What is only slightly less well known is that soon after the first Danish Embassy was torched, soon after the first death threat, soon after the first attempted murder of the cartoonist, the editor of a newspaper (the Optimist ) in Skagen, Denmark, asked his staff cartoonist (he had only one; it was a weekly newspaper with a small circulation) to draw a cartoon depicting in some way or other the controversy over the by now infamous cartoons of Muhammad.

“Me?” the cartoonist asked. His name was Jens Baedrup. He’d worked at the paper for nine years. Mostly he drew cartoons of local interest: tourists eating hot dogs while walking too slowly on the pedestrian mall; grizzled fishermen acting surprised at seeing fish they’d just caught on display at the market, as though to say, What are you doing here?; Skagenians caught in bad weather and making the best of it. In fact, his most recent cartoon had been of a man and a woman standing under a roof and the man saying, “At least we have a roof over our heads!” and the woman not saying anything, just looking miserable, because she was drenched, and so was he, because the rain was blowing sideways and the roofed structure they were standing under had no walls.

“Yes. You.”

“Why?” the cartoonist asked. Of course, he’d been following the whole thing on television, on the radio, in the newspaper. It made him anxious, angry, annoyed, the way things do when you don’t know whom to blame. But then again, those cartoons had been published in a Copenhagen newspaper, and Skagen was as far away from Copenhagen as you could get and still be in Denmark. In fact, it was common for people in Skagen, after learning of some outrageous news coming out of the nation’s capital five hours to the south, to shrug it off by saying, “But that’s Copenhagen.”

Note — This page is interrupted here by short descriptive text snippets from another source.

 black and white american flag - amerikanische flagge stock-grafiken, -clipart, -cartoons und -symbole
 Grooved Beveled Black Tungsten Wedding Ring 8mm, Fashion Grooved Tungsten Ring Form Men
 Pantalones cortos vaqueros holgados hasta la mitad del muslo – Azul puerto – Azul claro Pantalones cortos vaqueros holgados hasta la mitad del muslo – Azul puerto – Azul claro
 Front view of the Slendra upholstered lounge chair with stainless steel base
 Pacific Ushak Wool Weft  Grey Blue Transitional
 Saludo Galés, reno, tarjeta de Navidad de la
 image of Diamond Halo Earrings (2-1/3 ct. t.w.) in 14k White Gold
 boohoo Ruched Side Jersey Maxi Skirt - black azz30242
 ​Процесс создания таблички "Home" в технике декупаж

“Because this is important,” the editor said. “I think you’ll do a good job. I can’t think of anyone I’d rather have do this than you.”

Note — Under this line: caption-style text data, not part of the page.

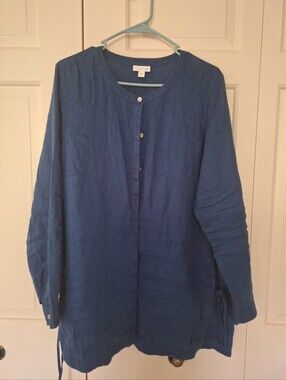 J. JILL Blue Linen Long Sleeve Button Tunic Top; Sz L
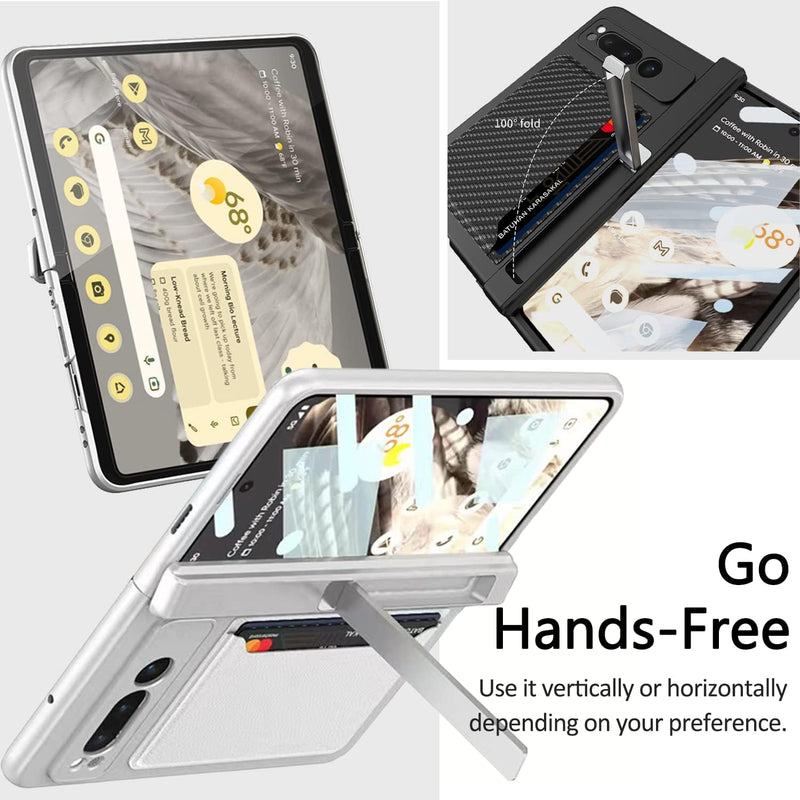 Miimall Handyhülle Kompatibel mit Google Pixel Fold Hülle mit Kartenhalter, PC + PU Schutzhülle mit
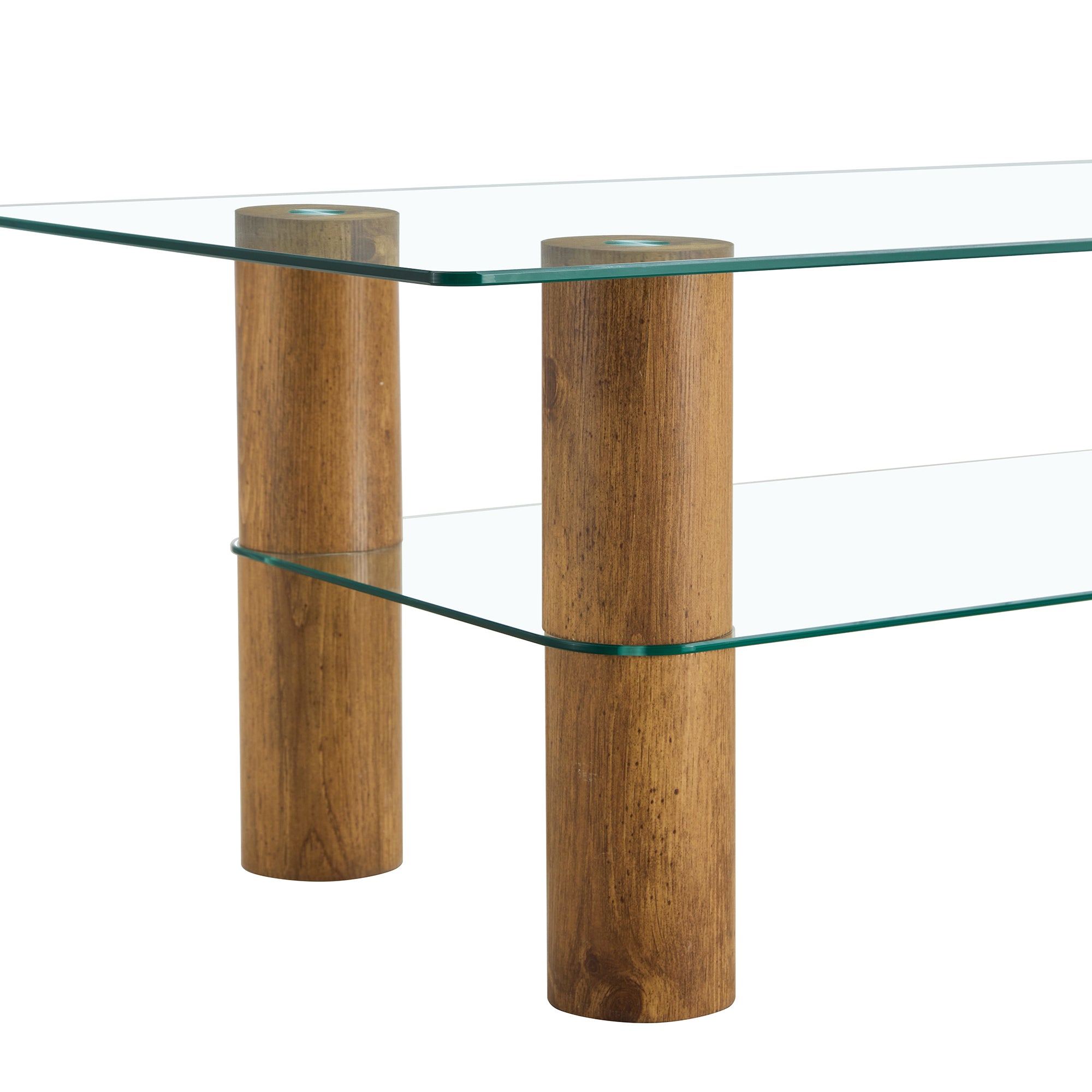 Minimalist and Modern Double-Layer Transparent Tempered Glass Coffee Table and Coffee Table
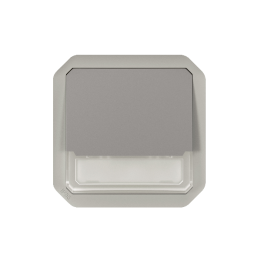 Legrand - Plexo L - Poussoir NO-NF lumineux porte-étiquette avec voyant - 10A - 250V - compo. - gris - IP55/IK08 - Réf : 069544l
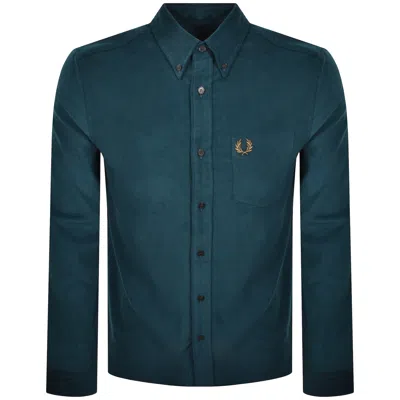 Fred Perry Needle Corduroy Shirt Blue In Green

The cartoonist recognized that this was tainted praise, or at least praise with an ulterior motive, but that did not mean he was immune to it. He thought for a minute. He would have asked his wife her opinion, but she had gone to visit her parents in Aarhus and wasn’t due back in Skagen for another week. He could have called her on the phone, of course. But things had not been going too well with them. Lately, every little disagreement threatened to turn into a large argument, which then threatened to turn into a referendum on the marriage itself. And one of the things they most often argued about was the cartoonist’s unshakable optimism, his belief that everything was going to be just fine. He knew, if he called and asked her whether he should draw the cartoon, she would question his mental health. I don’t know what you’re so worried about, he would then say. I think everything is going to be just fine. And then she would mockingly call him “the Skagen Optimist,” which, in addition to being the name of the newspaper, was also the name of his weekly cartoon. In fact, the cartoon of the man and his wife getting wet from the sideways rain had been based on something that had happened to them. Twice. The cartoonist thought that by having the wife in the cartoon remain silent (in real life she had not remained silent), his wife would not recognize herself in the cartoon. But this turned out to be yet another example of his overoptimism.

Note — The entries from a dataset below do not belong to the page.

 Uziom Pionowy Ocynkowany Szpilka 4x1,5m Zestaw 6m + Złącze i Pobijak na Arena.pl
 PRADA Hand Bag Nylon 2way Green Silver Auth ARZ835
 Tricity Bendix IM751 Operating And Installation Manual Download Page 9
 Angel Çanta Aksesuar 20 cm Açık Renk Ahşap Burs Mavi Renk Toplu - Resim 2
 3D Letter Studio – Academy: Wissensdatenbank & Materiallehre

So instead of calling his wife, the cartoonist let his mind argue with itself, the way it does when it’s about to let you do something that you’ll later regret.

You really shouldn’t do this (his mind said).

But I’ll do a good job; the editor said so himself.

The editor is a liar.

Yes, but no one is a liar all the time.

But you don’t even have a strong opinion about all this.

Who better to draw a cartoon like this than someone who doesn’t have a strong opinion?

Tell that to the people who have strong opinions.

This is the Skagen Optimist; no one is ever going to see the cartoon anyway.

Then why do it?

Because it’s my job.

And with that sentence, a good many arguments that should go on for much longer are brought to a close.

“Fine,” the cartoonist said to his editor. “I’ll do it.”

“Good,” the editor said. “I’ll need it before you go home tonight.”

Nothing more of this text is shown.